New Gloversville schools superintendent takes pay cut, salary freeze
GLOVERSVILLE Gloversville’s new school superintendent took a pay cut and asked that his salary be frozen for three years as part of his four-year contract with the district.
Michael Vanyo will start his new job Sept. 1, following his formal appointment Tuesday night by the Gloversville Enlarged School District’s Board of Education. He also has given notice to his former employer, the Liberty Central School District, where he served as superintendent the last five years.
Interim Gloversville Superintendent Clifford Moses said Vanyo earned $178,000 in Liberty. Gloversville will pay him $159,000 for each of the first three years of his contract. For the fourth year, he will negotiate his salary with the board.
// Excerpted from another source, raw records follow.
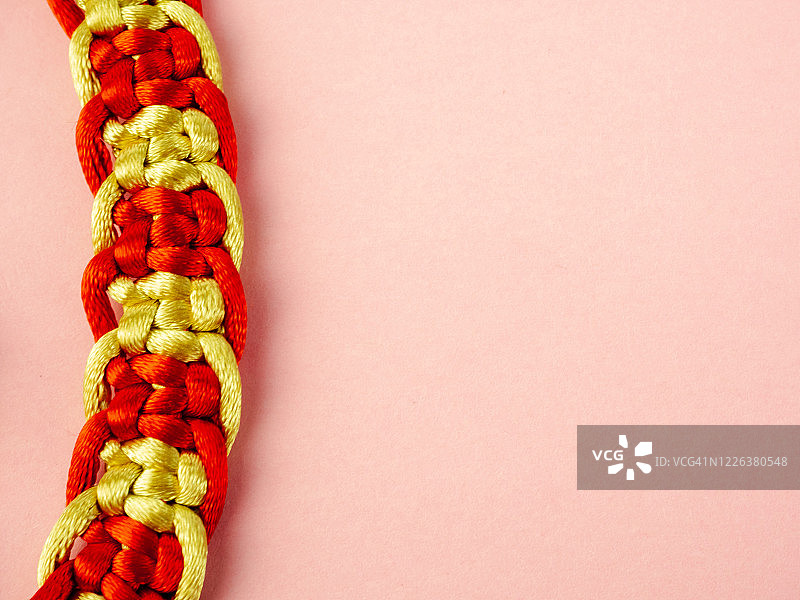 粉红色背景上的水手结手绳图片素材
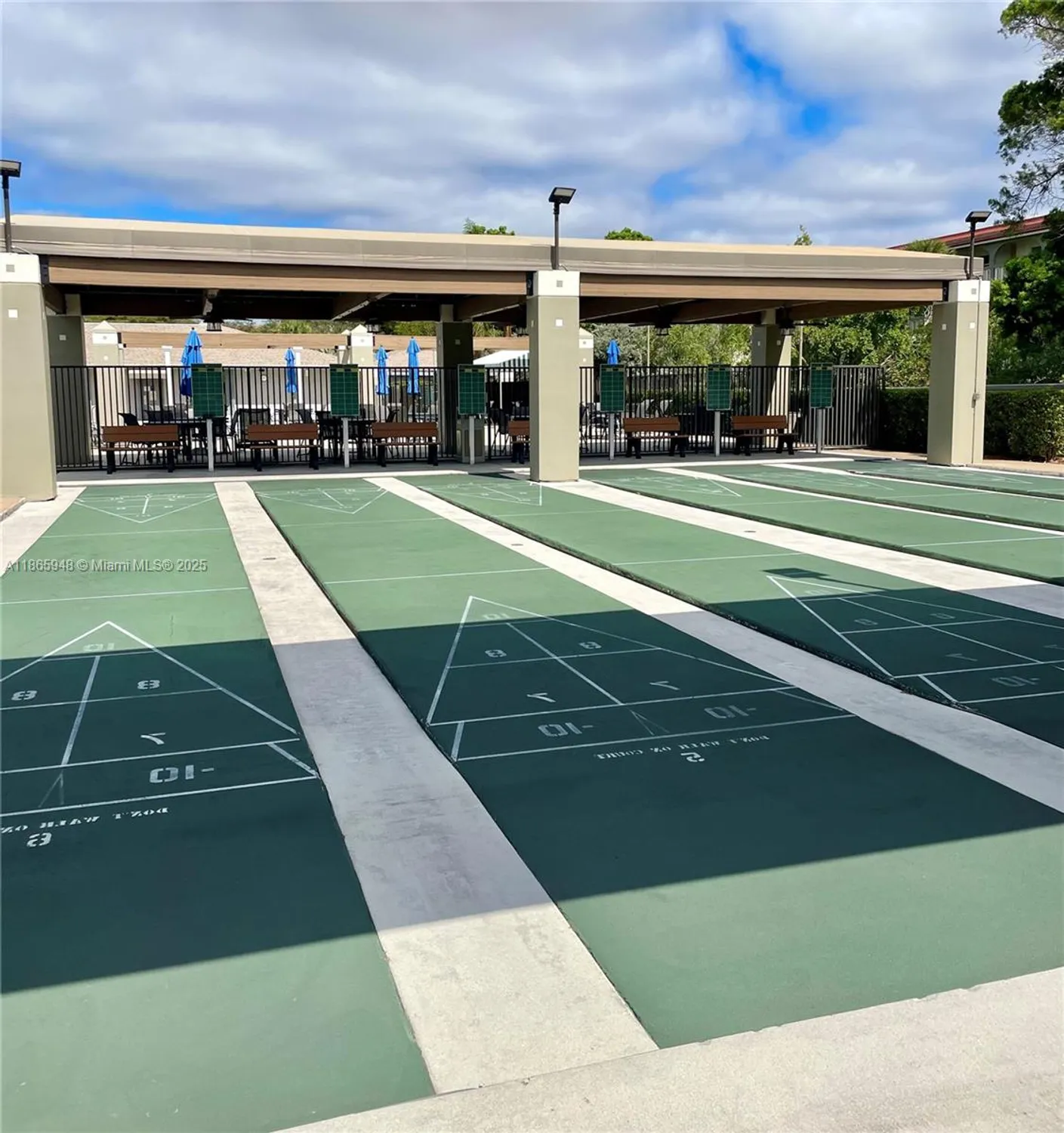 Property Slideshow image 48 of 54 | 2405 antigua cir m4, Coconut Creek, FL, 33066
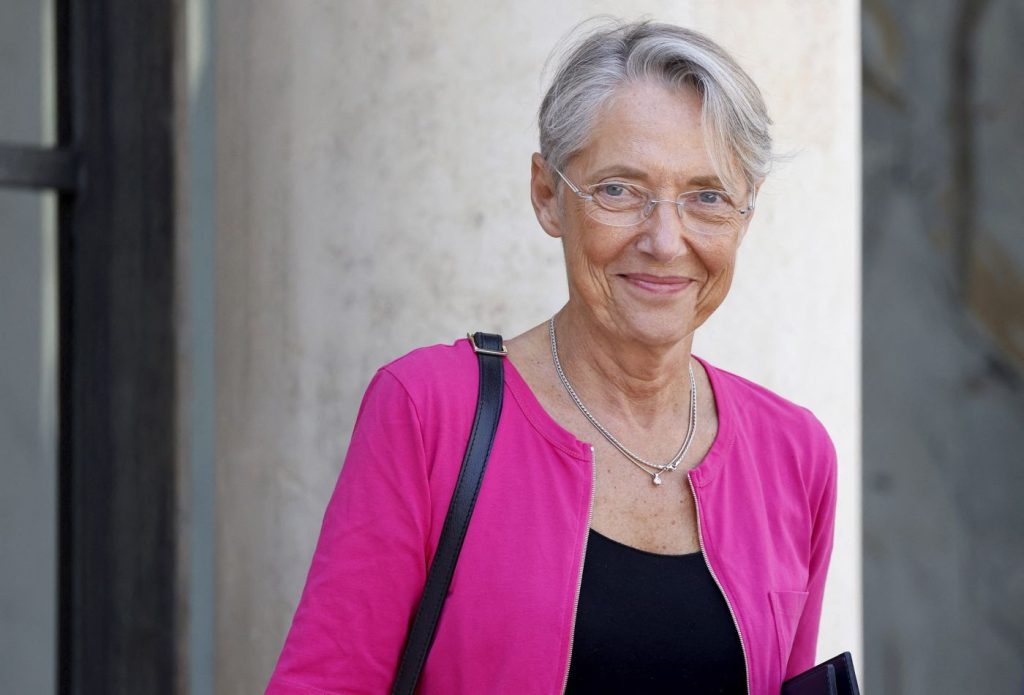 Ελιζαμπέτ Μπορν: Η νέα πρωθυπουργός της Γαλλίας που παρουσιάζεται ως «Σοσιαλίστρια»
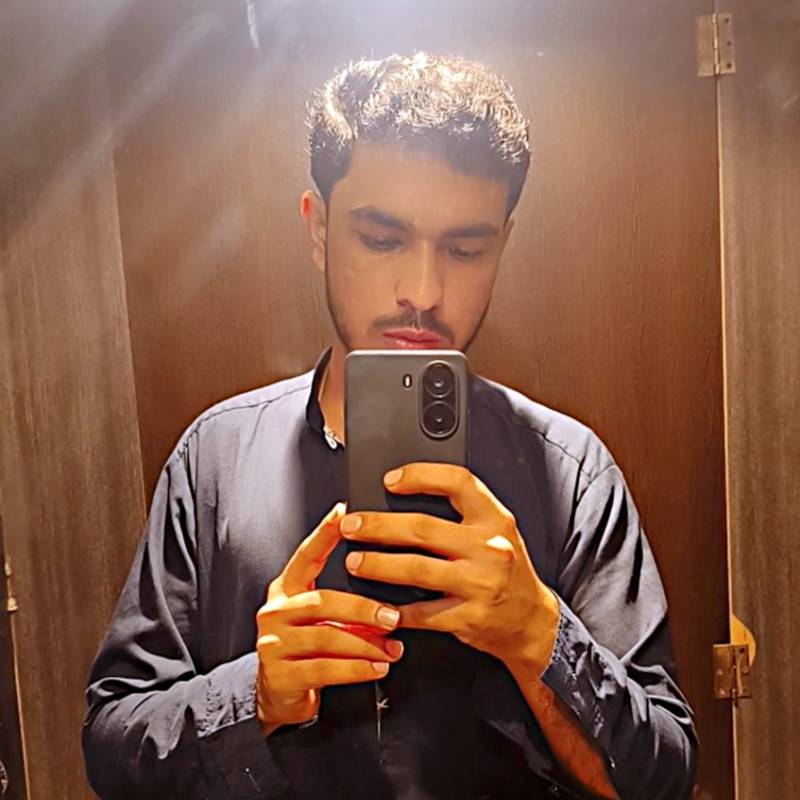 SikandarAbbas14463 dating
Gloversville’s previous full-time superintendent, Robert DeLilli, would have earned $128,457 in the 2011-12 school year. DeLilli left a year ago to become superintendent of the neighboring Greater Johnstown School District, where he earned $125,000 in the first year of his contract.
The rest of Vanyo’s contract is “boiler plate language most superintendents have,” Moses said.
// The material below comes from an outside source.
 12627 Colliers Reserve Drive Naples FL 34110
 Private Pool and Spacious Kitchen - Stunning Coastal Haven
“He is locked in for three years. That was his request. He understands he is getting a salary higher than most superintendents in this area, and he wants to move back to this area and be next to his son,” Moses said. Vanyo’s son lives in Saratoga Springs, and Vanyo maintained a residence in Saratoga Springs and an apartment in Sullivan County while he was superintendent in Liberty.
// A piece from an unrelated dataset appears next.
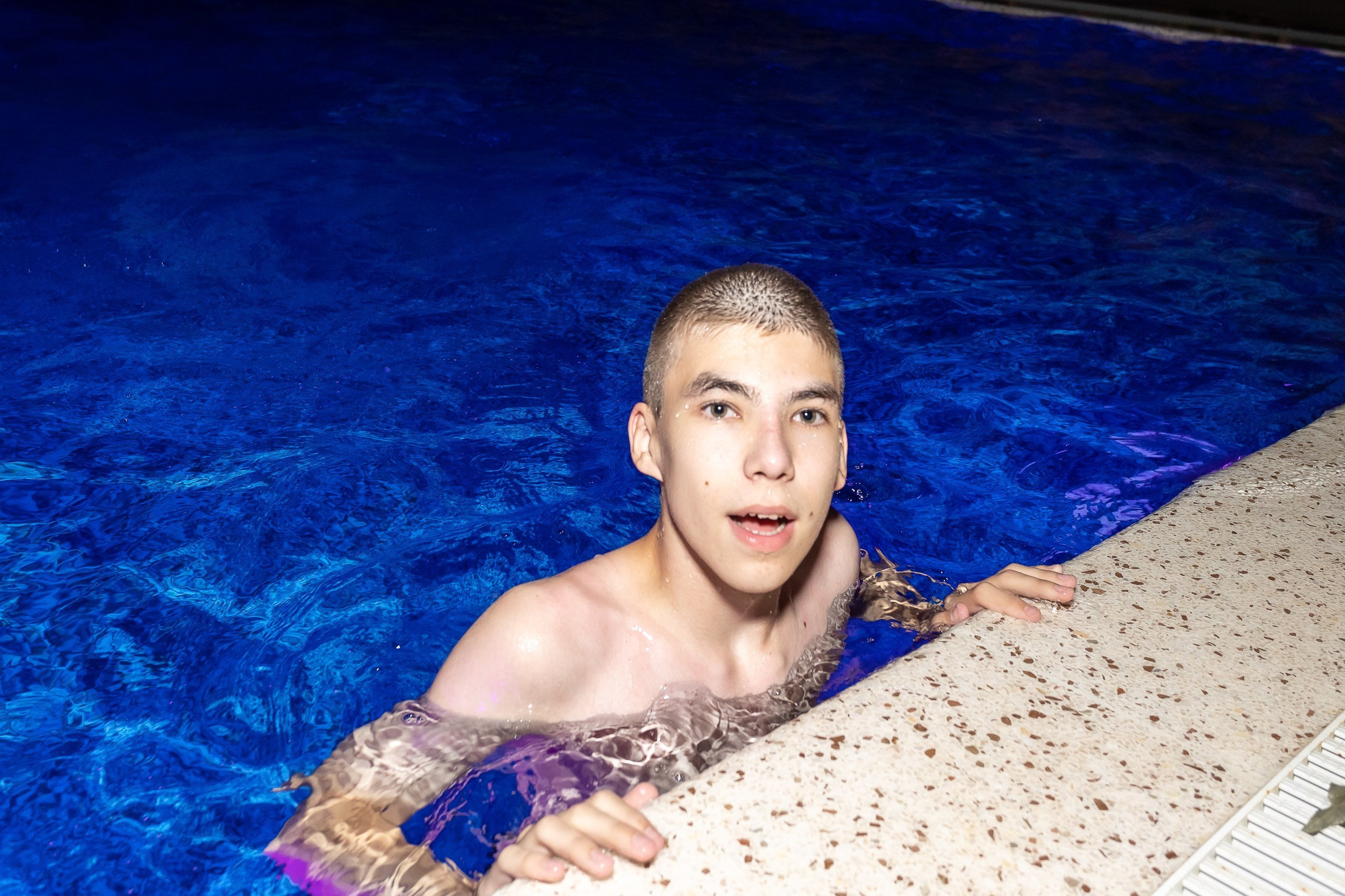 Вручение аттестата и выпускной вечер. Выпускные альбомы Майкоп, Краснодар Елена Золотарева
The Gloversville board selected Vanyo, in part, because of his track record in Liberty, where he improved the graduation rate, student behavior and attendance, Moses said.
“He has the experience that this district needs,” he said.
During a two-year period, Liberty’s graduation rate rose from 55 percent to 70 percent and the district rose from a “School in Need of Improvement” to a “School in Good Standing.” The federal government maintains the list and penalizes schools that do not show improvement.
Moses said Gloversville is larger than Liberty but demographically similar. Gloversville has a 56 percent graduation rate, the lowest in Fulton County, and has three schools on the federal list of poor-performing schools.
“He has done it down there and has involvement in some of the programs we will need,” Moses said. “I could not be more pleased for Gloversville with Mike coming in.”
Moses’ last day with Gloversville is Sept. 1. The date will mark his one-year anniversary as interim superintendent. His first priority when he leaves Gloversville is “to play a lot of golf,” he said with a laugh.
In addition to superintendent, Vanyo also served as Liberty’s chief school financial officer from 2006 to 2007. He also was a business administrator for the Lake George and Hoosic Valley central school districts. Prior to that, he served as a state aid specialist for Questar III BOCES and as a business teacher in the Burnt Hills-Ballston Lake Central School District.
Vanyo holds a bachelor’s degree in business management from St. John Fisher College, a master’s degree in teaching from Pace University and a master’s degree in educational administration and policy studies from the University at Albany.